Barış adil olmadan da haklı gösterilebilir mi?

Eylül 11, 2013

Barış adil olmadan da haklı gösterilebilir mi?

Siyasal uzlaşma ne zaman kabul edilebilir? Ve ne zaman, temelden kokuşmuş, sonu nereye varırsa varsın asla kabul etmememiz gereken bir şeydir? Peki ya kokuşmuş uzlaşma siyaseten gerekliyse? 

Felsefeci ve siyaset bilimci Avishai Margalit Uzlaşma ve Kokuşmuş Uzlaşmalar isimli kitabında bu benzeri pek çok sorunun yanıtını arıyor. Margalit’e göre, uzlaşma büyük bir siyasal erdemdir, özellikle de barış uğrunaysa. Fakat kabul edilebilir uzlaşmanın barış için bile ahlaki sınırları vardır. Ama işte nedir bu sınırlar? Uzlaşmayla sağlanmış barış hangi noktada adaletsiz olur? Şaşırtıcı derecede az dikkat çekmiş hayati önemdeki sorular üzerine odaklanan Margalit, sadece savaşı adil kılan şeyle değil, ne tür bir uzlaşmanın adil bir barışa olanak sağladığıyla da ilgilenmemiz gerektiğini ileri sürüyor.

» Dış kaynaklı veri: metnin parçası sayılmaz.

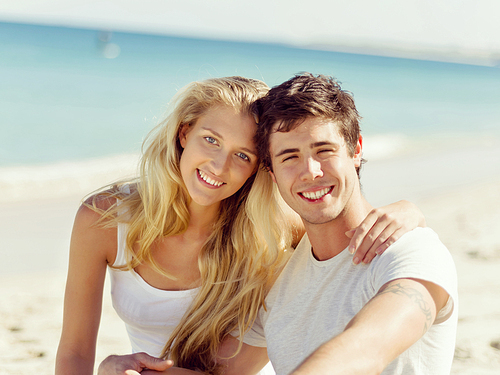 Romantic young couple sitting on the beach looking at the ocean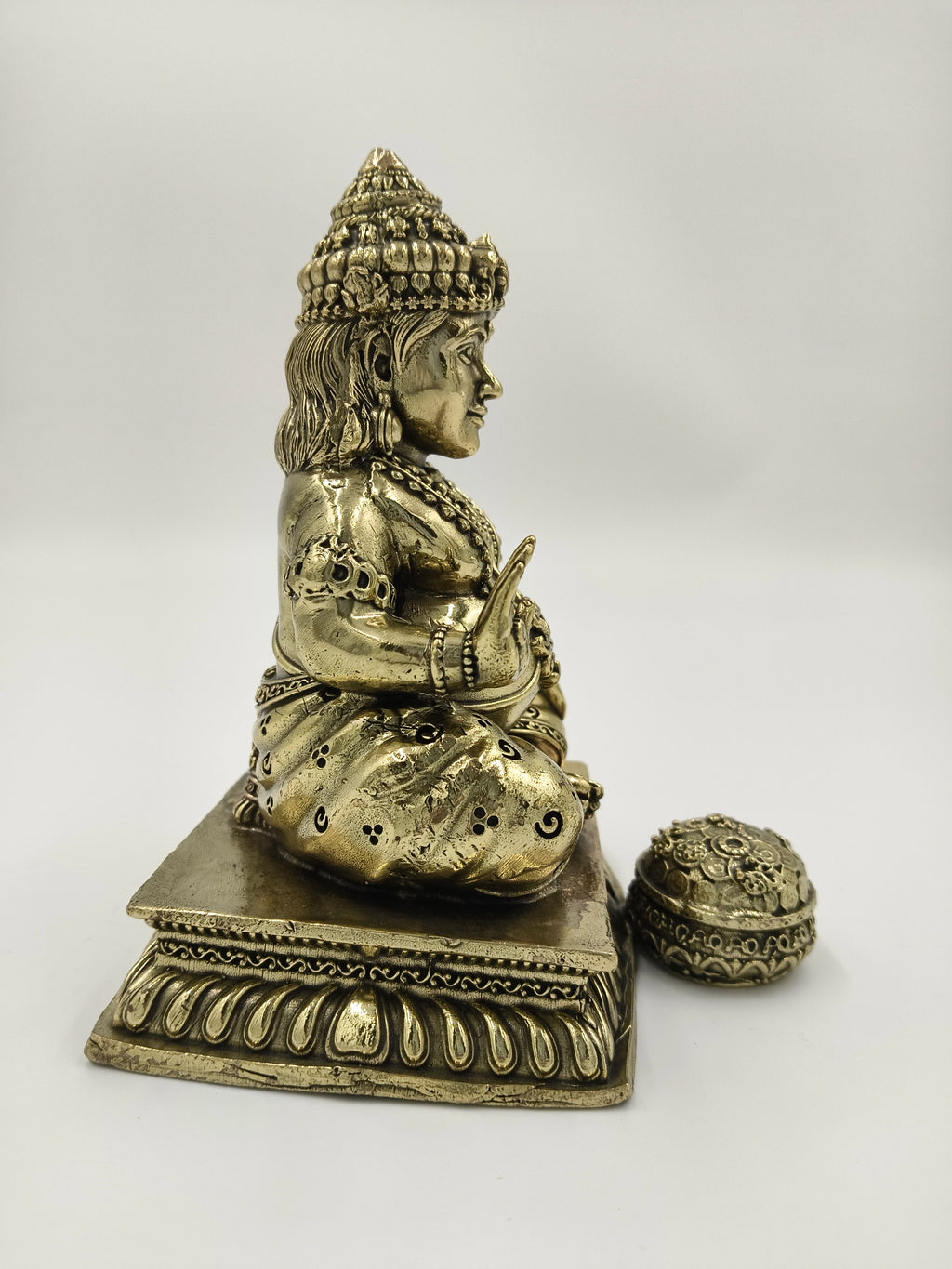 Side view of medium brass Kubera statue seated on decorative pedestal with coin pot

Münih anlaşması, Yalta Konferansı ve Arap-İsrail barış müzakereleri de dahil geniş bir örnek yelpazesini inceleyen ödüllü akademisyen Margalit, çeşitli biçimleriyle siyasal uzlaşmanın doğasını didik didik ediyor. Felsefeyi, siyaseti ve tarihi birleştiren, canlı ve kolay anlaşılır bir üslupla yazılmış Uzlaşma ve Kokuşmuş Uzlaşmalar, savaş, barış, adalet ve mezhepçilik hakkında şaşırtıcı yeni içgörülerle dolu.

Türkiye’nin kadim Kürt Sorunu’nun ― yani demokratikleşme sorununun― şiddetten/silahtan arındırılarak siyasal ve yasal yöntemlerle ― eşitlik ve özgürlük temelinde― çözümünün tartışıldığı bugünlerde Margalit, sadece barış, uzlaşma ve onur siyaseti üzerine düşünceleriyle değil demokrasi, muhafazakarlık ve din üzerine çarpıcı görüşleriyle de dikkatle okunmayı gerektiren, ufuk açıcı bir düşünür.